TASK REQUIREMENTS: Using the listing below, give again exactly the lines from the line with "map of restaurants, bars, coffee" to the line with "Base da Cucina", inclusive, without the pictures.

RECORDS SHOWN:
++++++++++
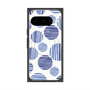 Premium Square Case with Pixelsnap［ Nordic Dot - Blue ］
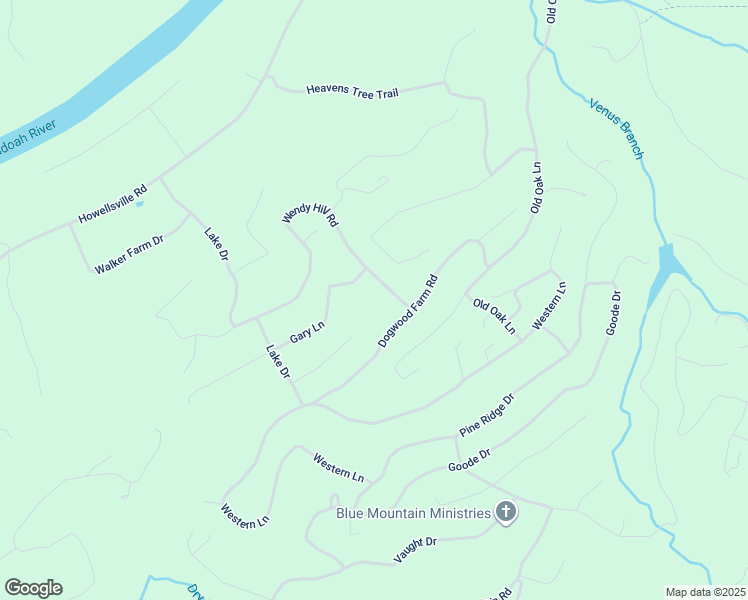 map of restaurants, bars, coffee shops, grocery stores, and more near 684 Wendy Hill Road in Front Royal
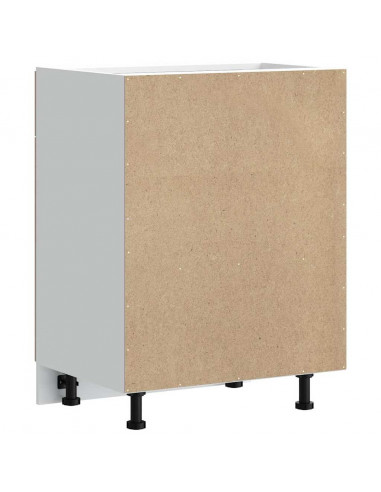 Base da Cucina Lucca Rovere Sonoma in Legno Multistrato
++++++++++
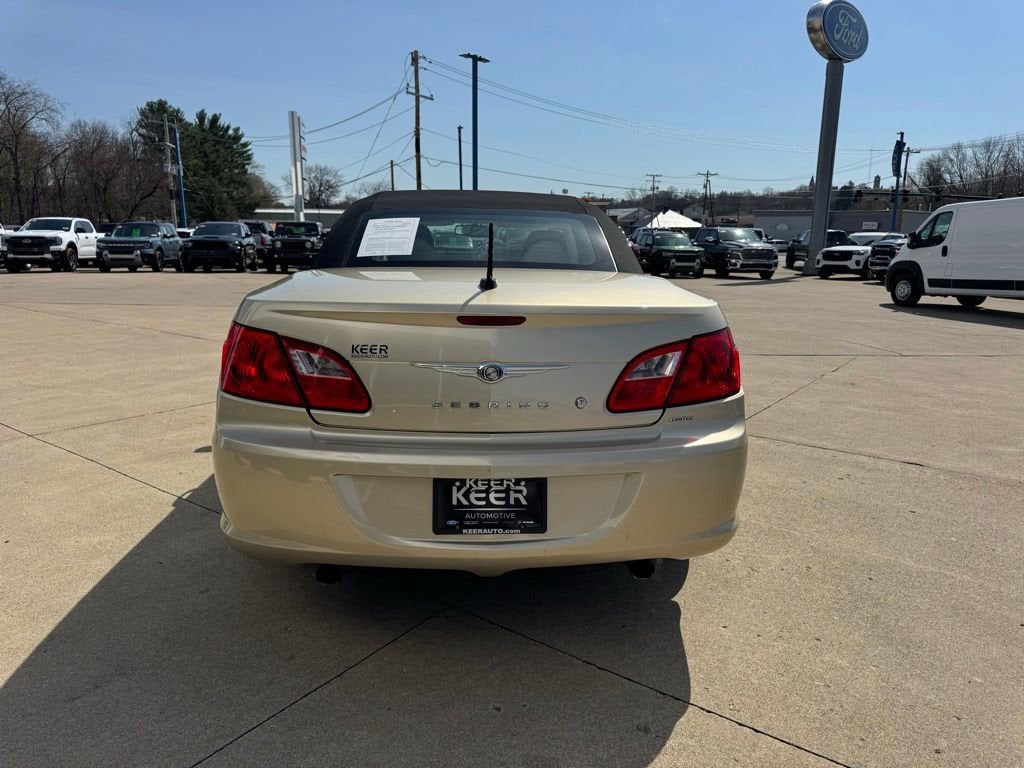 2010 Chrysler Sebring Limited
++++++++++
EXERCISE OUTPUT:
 map of restaurants, bars, coffee shops, grocery stores, and more near 684 Wendy Hill Road in Front Royal
 Base da Cucina Lucca Rovere Sonoma in Legno Multistrato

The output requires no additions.